▸ **Your task**: Restate word for word the lines below, from the one containing "MBA =2.8*24^2 = 134.4" through the final line, with no pictures included.

Web page caption snippets
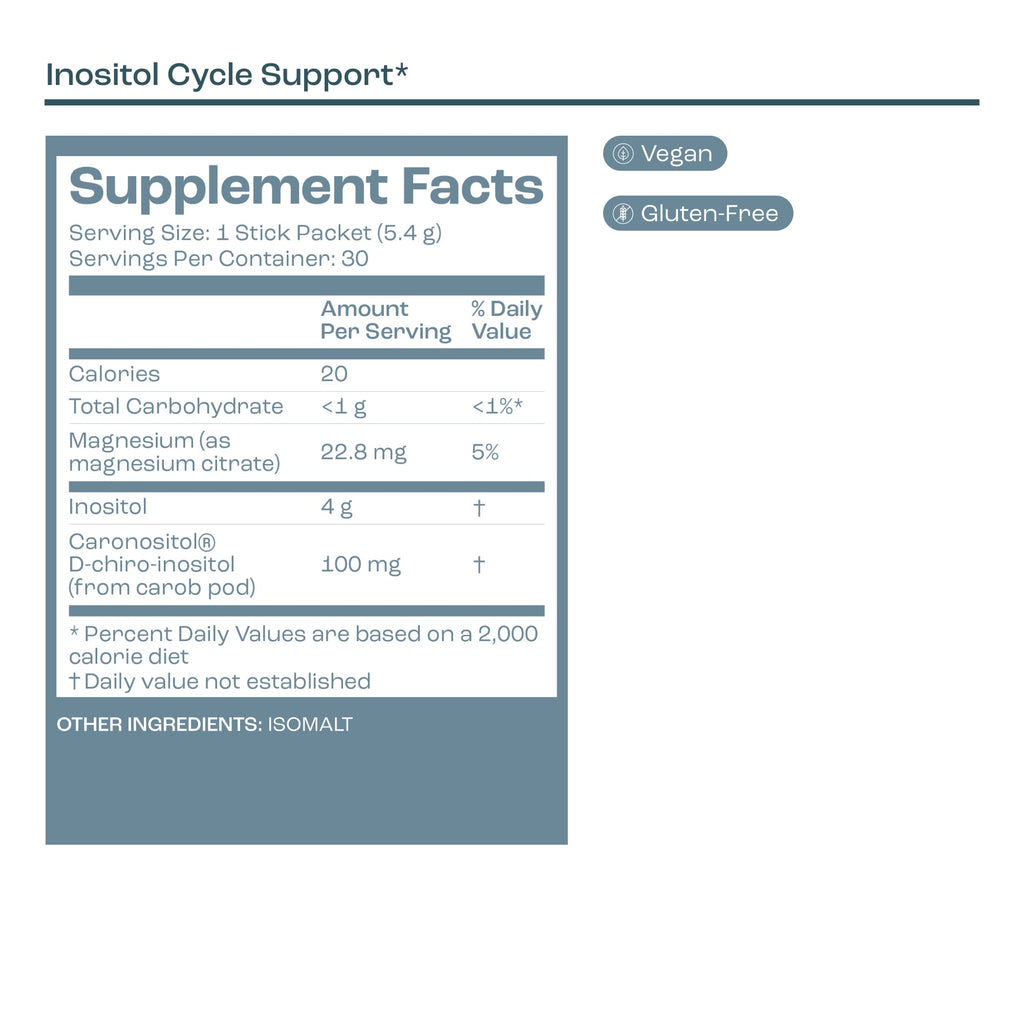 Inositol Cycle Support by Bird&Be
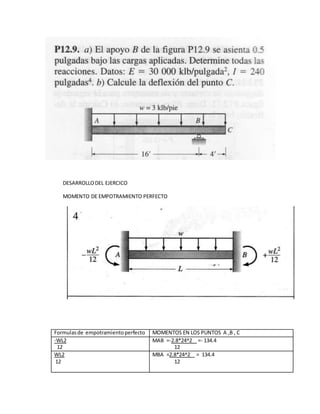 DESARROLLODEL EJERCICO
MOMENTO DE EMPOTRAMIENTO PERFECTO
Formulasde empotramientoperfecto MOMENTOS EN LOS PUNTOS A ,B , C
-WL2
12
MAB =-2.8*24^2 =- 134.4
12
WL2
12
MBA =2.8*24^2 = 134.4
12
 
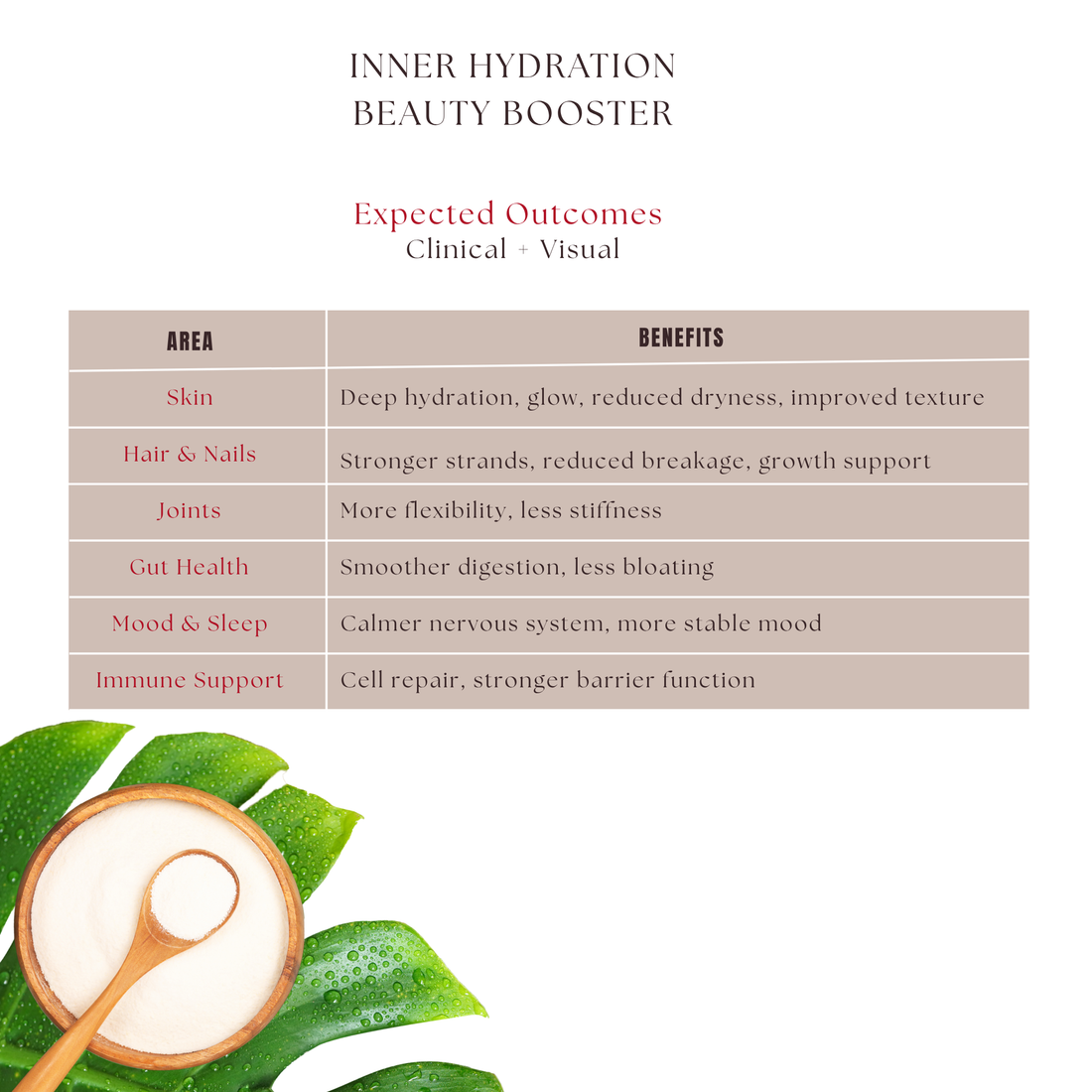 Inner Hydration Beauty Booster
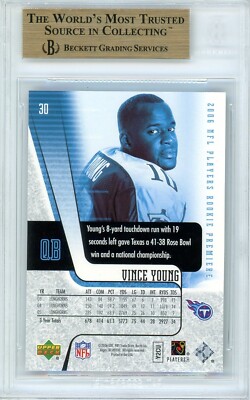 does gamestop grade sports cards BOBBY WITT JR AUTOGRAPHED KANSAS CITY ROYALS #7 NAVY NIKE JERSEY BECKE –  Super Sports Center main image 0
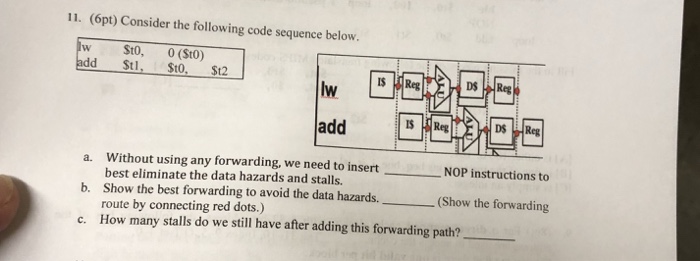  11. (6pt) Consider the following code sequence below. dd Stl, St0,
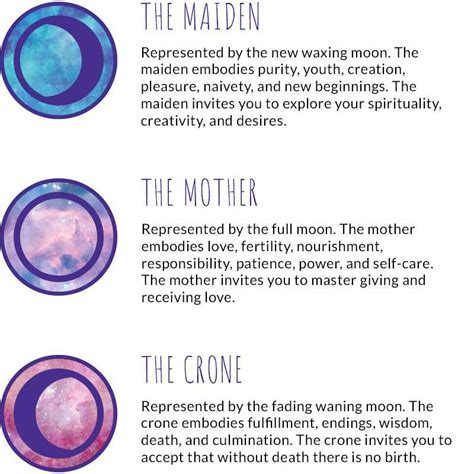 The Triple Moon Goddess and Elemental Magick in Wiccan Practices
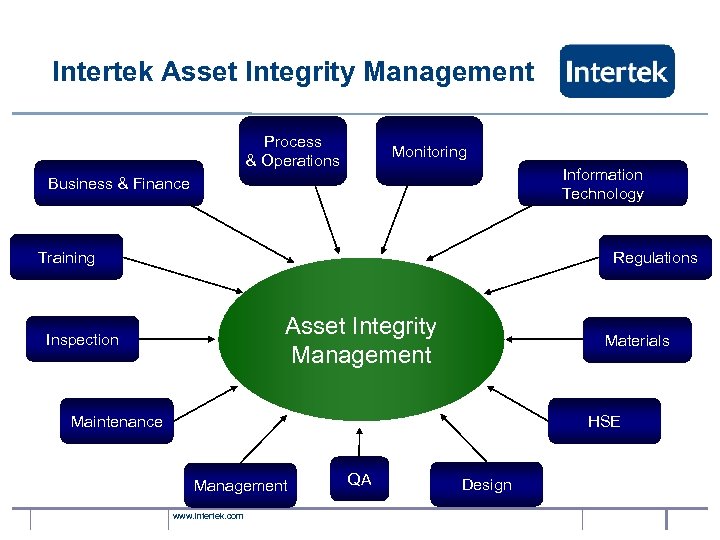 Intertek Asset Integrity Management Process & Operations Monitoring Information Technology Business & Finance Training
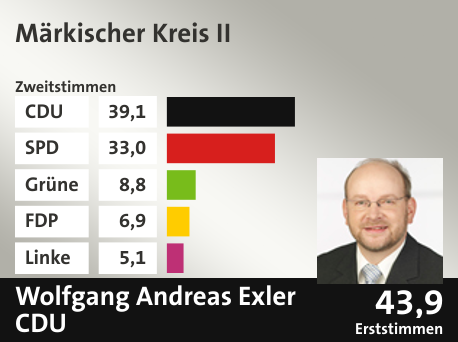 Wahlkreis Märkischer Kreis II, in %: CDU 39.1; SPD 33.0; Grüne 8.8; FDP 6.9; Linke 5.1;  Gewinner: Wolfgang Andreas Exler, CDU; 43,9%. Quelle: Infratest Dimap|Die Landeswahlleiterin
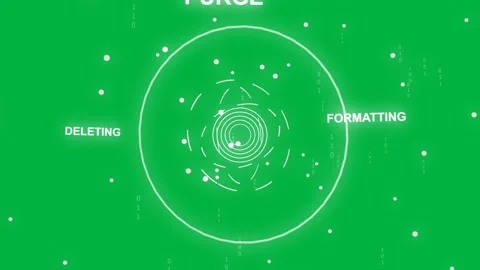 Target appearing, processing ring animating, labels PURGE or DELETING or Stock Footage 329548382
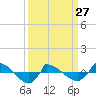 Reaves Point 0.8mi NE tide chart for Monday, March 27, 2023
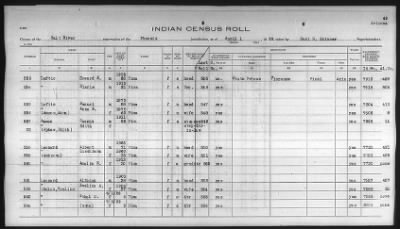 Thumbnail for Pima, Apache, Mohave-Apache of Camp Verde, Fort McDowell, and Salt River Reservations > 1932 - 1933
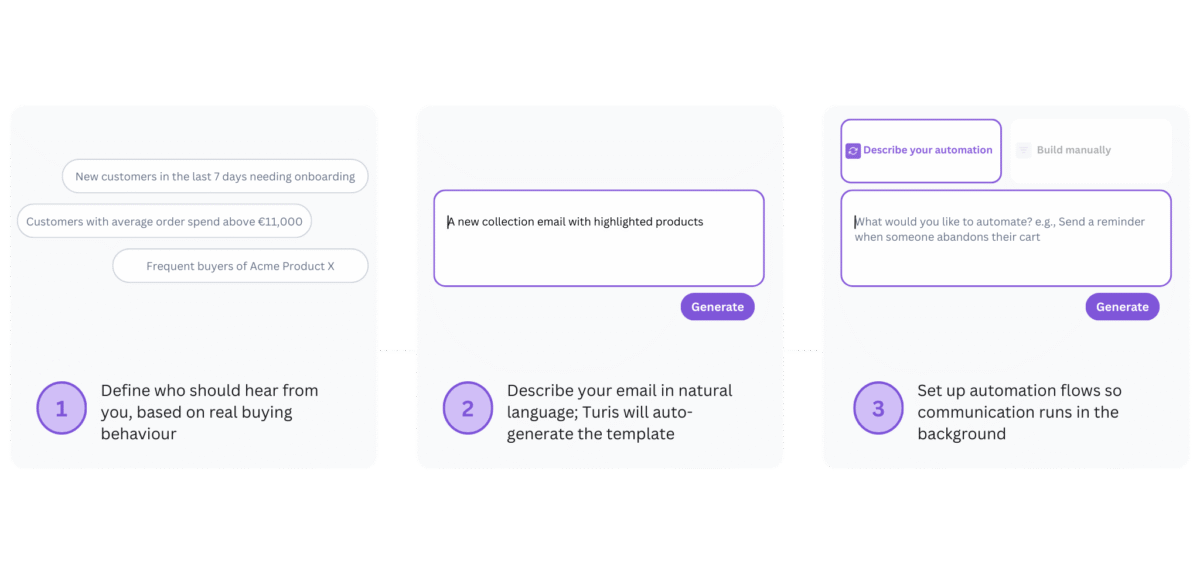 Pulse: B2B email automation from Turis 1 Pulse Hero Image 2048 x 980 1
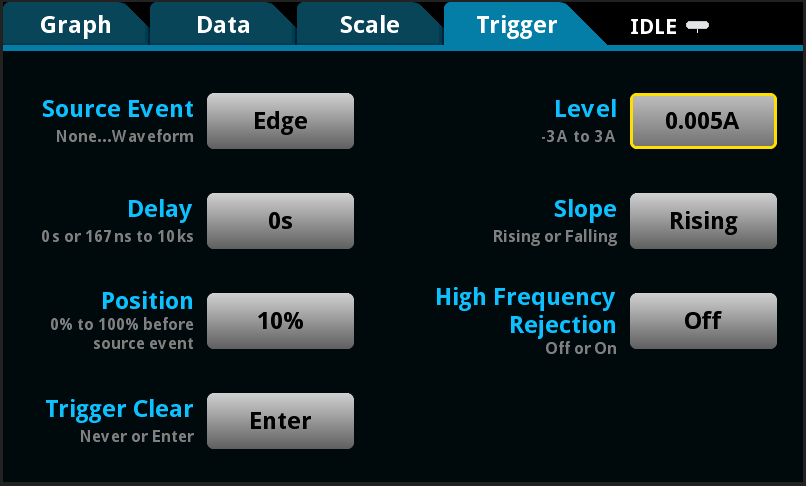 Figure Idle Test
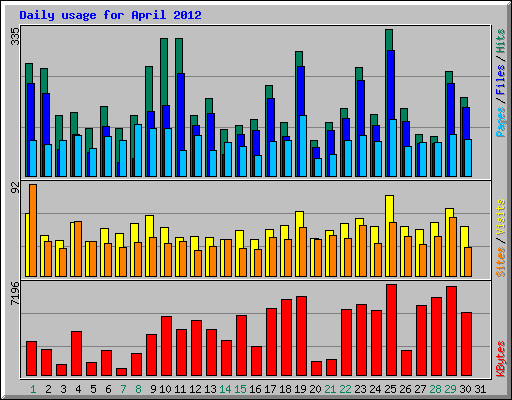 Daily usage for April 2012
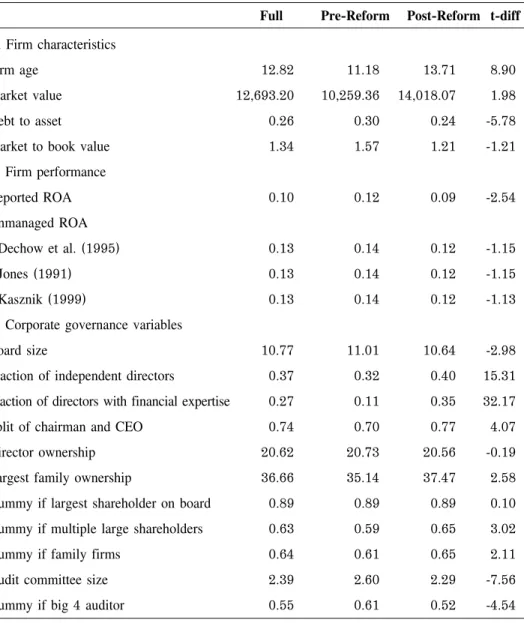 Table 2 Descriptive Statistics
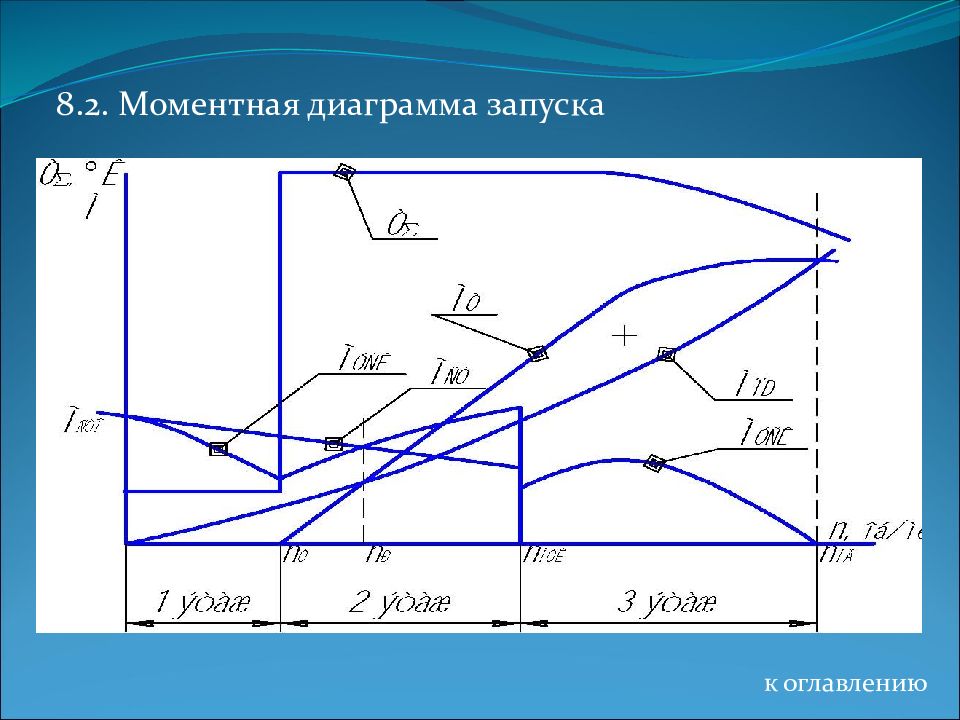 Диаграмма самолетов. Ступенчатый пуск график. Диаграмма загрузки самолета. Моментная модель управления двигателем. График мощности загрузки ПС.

▸ **Written solution**:
MBA =2.8*24^2 = 134.4
12
 
 Inner Hydration Beauty Booster
 does gamestop grade sports cards BOBBY WITT JR AUTOGRAPHED KANSAS CITY ROYALS #7 NAVY NIKE JERSEY BECKE –  Super Sports Center main image 0
  11. (6pt) Consider the following code sequence below. dd Stl, St0,
 The Triple Moon Goddess and Elemental Magick in Wiccan Practices
 Intertek Asset Integrity Management Process & Operations Monitoring Information Technology Business & Finance Training
 Wahlkreis Märkischer Kreis II, in %: CDU 39.1; SPD 33.0; Grüne 8.8; FDP 6.9; Linke 5.1;  Gewinner: Wolfgang Andreas Exler, CDU; 43,9%. Quelle: Infratest Dimap|Die Landeswahlleiterin
 Target appearing, processing ring animating, labels PURGE or DELETING or Stock Footage 329548382
 Reaves Point 0.8mi NE tide chart for Monday, March 27, 2023
 Thumbnail for Pima, Apache, Mohave-Apache of Camp Verde, Fort McDowell, and Salt River Reservations > 1932 - 1933
 Pulse: B2B email automation from Turis 1 Pulse Hero Image 2048 x 980 1
 Figure Idle Test
 Daily usage for April 2012
 Table 2 Descriptive Statistics
 Диаграмма самолетов. Ступенчатый пуск график. Диаграмма загрузки самолета. Моментная модель управления двигателем. График мощности загрузки ПС.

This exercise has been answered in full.